Premessa: «La flessione c'è». Eccome se c'è: «Il Pd perde tra i tre e i quattro punti rispetto alle elezioni politiche». Che già non erano state lusinghiere per idem, scesi sotto la soglia psicologica del 20% (19,07% alla Camera; 18,9 al Senato). Ma ora va pure peggio. Tuttavia, osserva Antonio Noto, direttore di Noto Sondaggi, sarebbe sbagliato attribuire esclusivamente al Qatargate la responsabilità dell'ulteriore arretramento del Pd: «Lo scandalo pesa, ma il calo ci sarebbe stato comunque. Rispetto alle elezioni di settembre, i dem erano già in crisi: è un partito senza bussola, assente dalla scena politica».
Un sondaggio di Swg per la prima volta vede il Pd sotto il 15%: al 14,7%. I suoi numeri che dicono?
«Noi lo stimiamo tra il 15 e il 16%. Ma cambia poco: è in calo comunque rispetto alle Politiche. Non possiamo escludere che stia incidendo il Qatargate, ma questa flessione, che era già in atto, è dovuta ad altro».
A cosa, principalmente?
«Questo è il periodo peggiore per il Pd. C'è stata la sconfitta elettorale di settembre, che ha provocato delusione nell'elettorato. E poi non c'è un leader a tempo pieno: Letta è dimissionario e oltretutto la situazione per le alleanze per le Regionali di febbraio resta confusa».
Il "Qatargate", e in altra misura il "caso Soumahoro" - che pure non è un esponente del Pd - non aiutano.
«Quanto sta emergendo sul Qatargate è pesante, senza dubbio. Ma non incide in maniera significativa: si tratta pur sempre di parlamentari europei, poco conosciuti al grande pubblico. E poi parliamoci chiaro: non è la prima volta che il Pd ha a che fare con gli scandali...».

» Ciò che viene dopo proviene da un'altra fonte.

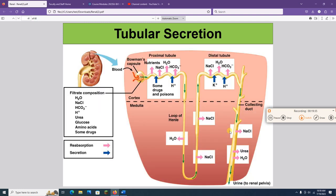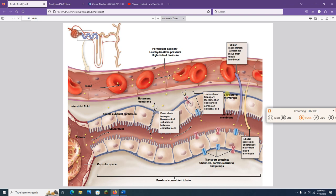Secretion happens in the proximal convoluted tubule and distal tubule. You secrete foreign things like drugs, plus substances your body recognizes as toxic or poisonous. You also secrete hydrogen and potassium as a way to regulate their levels in the bloodstream. Regulating hydrogen levels allows regulation of blood pH. This picture shows the movements of both filtration and reabsorption — reabsorbed substances move back into the peritubular capillary blood, while secreted substances move from the blood into the filtrate.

Sta dicendo che rispetto al rigore morale del Pci, gli elettori ci stanno facendo l'abitudine?
«Il Pd non ha nulla a che fare col Pd e il suo elettorato rispetto ad alcune questioni si è, come dire, assopito... Ormai alcuni fatti fanno breccia fino a un certo punto».
Gli elettori che lasciano il Pd, dove stanno andando?
«La prima cosa da dire è questa: un conto sono gli scandali, altro è la decisione di cambiare partito».
Mai dem comunque hanno perso alcuni punti rispetto alle Politiche di settembre.
«E infatti la maggior parte si è rifugiata nell'astensione, un po' sta scegliendo il M5S, mentre solo una minima parte sta optando per le liste alla sinistra del Pd».
I grillini sono destinati a prendere il posto del Pd come forza antagonista rispetto al centrodestra?
«Se analizziamo il peso dell'opposizione dal punto di vista mediatico, non c'è dubbio che al momento l'avversario principale del centrodestra sia Giuseppe Conte».
Una rondine non fa primavera?
«Tra poco si voterà in Lombardia e Lazio e sappiamo quanto soffre il M5S a livello locale, dove contano le preferenze...».
Per il Pd le primarie possono essere un'occasione di rilancio?
«Una nuova leadership produce sempre entusiasmo. Quindi è facile prevedere che all'inizio il Pd ne beneficerà. Poi bisognerà vedere, nei fatti, se il partito sarà gestibile. Sbaglio o l'area centrista è in subbuglio?».
Chi sarà il nuovo segretario del Pd?
«La classe dirigente del partito è con Bonaccini, ma votano anche i circoli. Dipenderà da quanto le primarie saranno di apparato o aperte. Più tenderanno verso l'apparato, più sarà favorito Bonaccini; viceversa, sarà meglio per Schlein».
Con questo Pd senza bussola, le elezioni regionali in Lombardia e Lazio le vincerà il centrodestra?
«In Lombardia sì. Il governatore uscente, Fontana, è davanti in modo significativo. Moratti e Majorino, a distanza, lottano per il secondo posto. Nel Lazio la situazione è più articolata».
Sarebbe a dire?
«Prima della presentazione dei candidati, tra centrodestra e l'asse Pd e Azione la situazione era grossomodo 40-30. Adesso bisogna vedere, penso soprattutto al centrodestra, se il candidato Rocca questo 40% lo farà crescere o diminuire. Certo, non depone a favore di D'Amato, candidato del centrosinistra, il fatto di aver avuto un mese di campagna elettorale di vantaggio senza sfruttarlo».